*** Input records
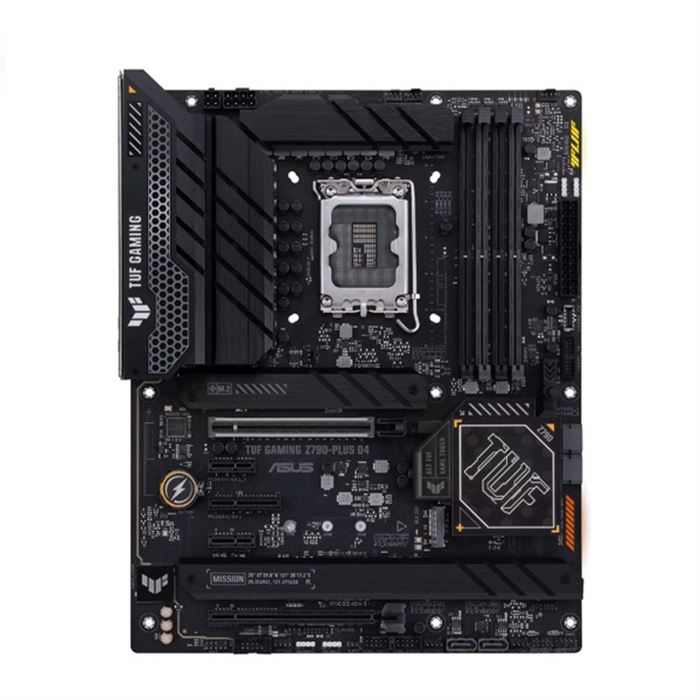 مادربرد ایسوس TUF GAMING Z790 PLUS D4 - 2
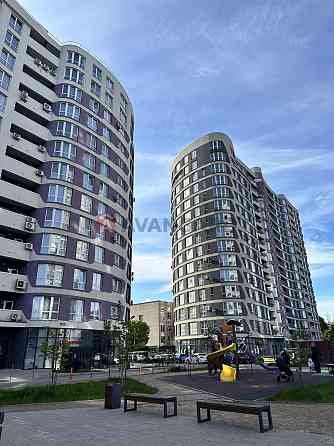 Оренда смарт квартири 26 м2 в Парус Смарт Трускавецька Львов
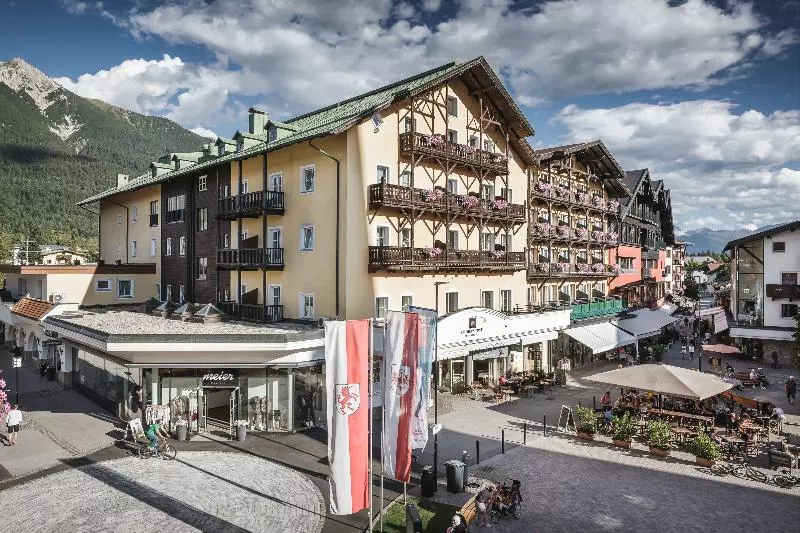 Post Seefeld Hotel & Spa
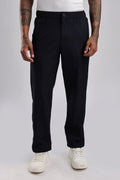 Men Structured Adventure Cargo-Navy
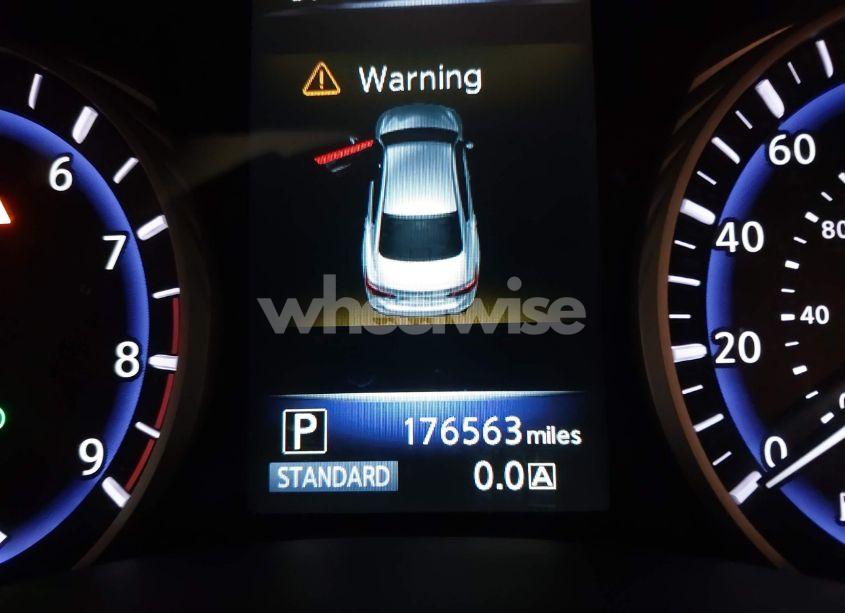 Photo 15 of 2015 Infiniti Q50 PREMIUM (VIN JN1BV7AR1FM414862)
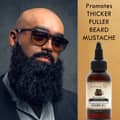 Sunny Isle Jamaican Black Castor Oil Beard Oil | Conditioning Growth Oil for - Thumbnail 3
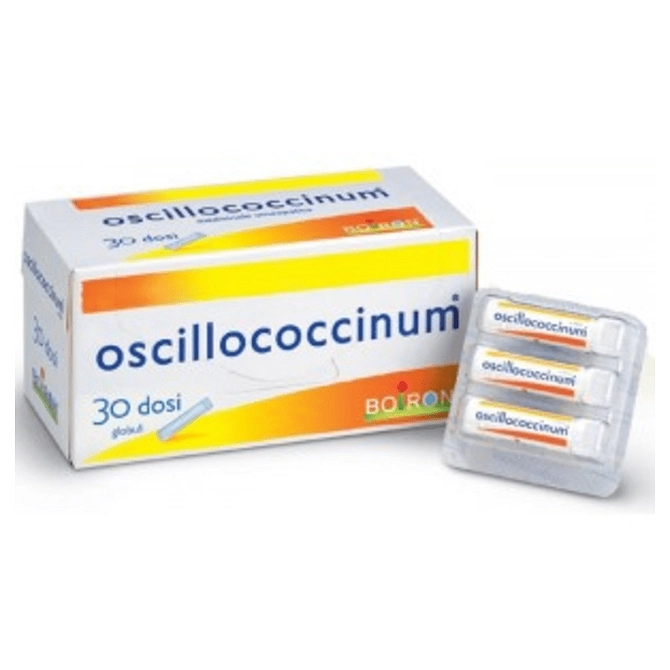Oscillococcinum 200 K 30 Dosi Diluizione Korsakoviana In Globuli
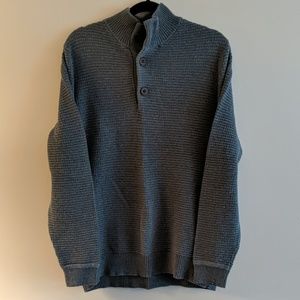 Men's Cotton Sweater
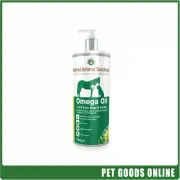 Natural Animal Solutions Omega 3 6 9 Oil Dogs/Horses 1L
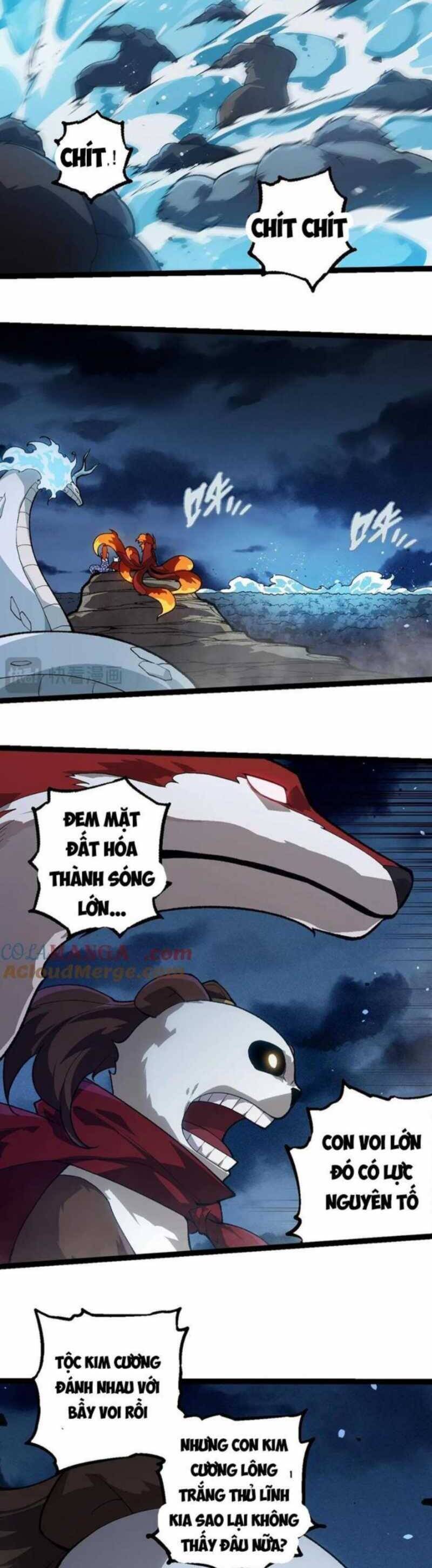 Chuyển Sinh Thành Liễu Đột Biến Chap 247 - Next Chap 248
******
*** Input records
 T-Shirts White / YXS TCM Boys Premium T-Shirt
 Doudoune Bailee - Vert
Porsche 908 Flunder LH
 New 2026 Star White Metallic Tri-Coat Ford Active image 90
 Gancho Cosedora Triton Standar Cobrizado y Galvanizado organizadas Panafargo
******
*** Input records
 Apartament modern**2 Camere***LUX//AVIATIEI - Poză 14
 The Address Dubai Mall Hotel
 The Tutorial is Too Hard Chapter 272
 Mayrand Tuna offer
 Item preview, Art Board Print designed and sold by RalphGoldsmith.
******
Required work => If a line contains the word "White", it counts; say how many such lines the records hold, and give only that number.

Task solution => 2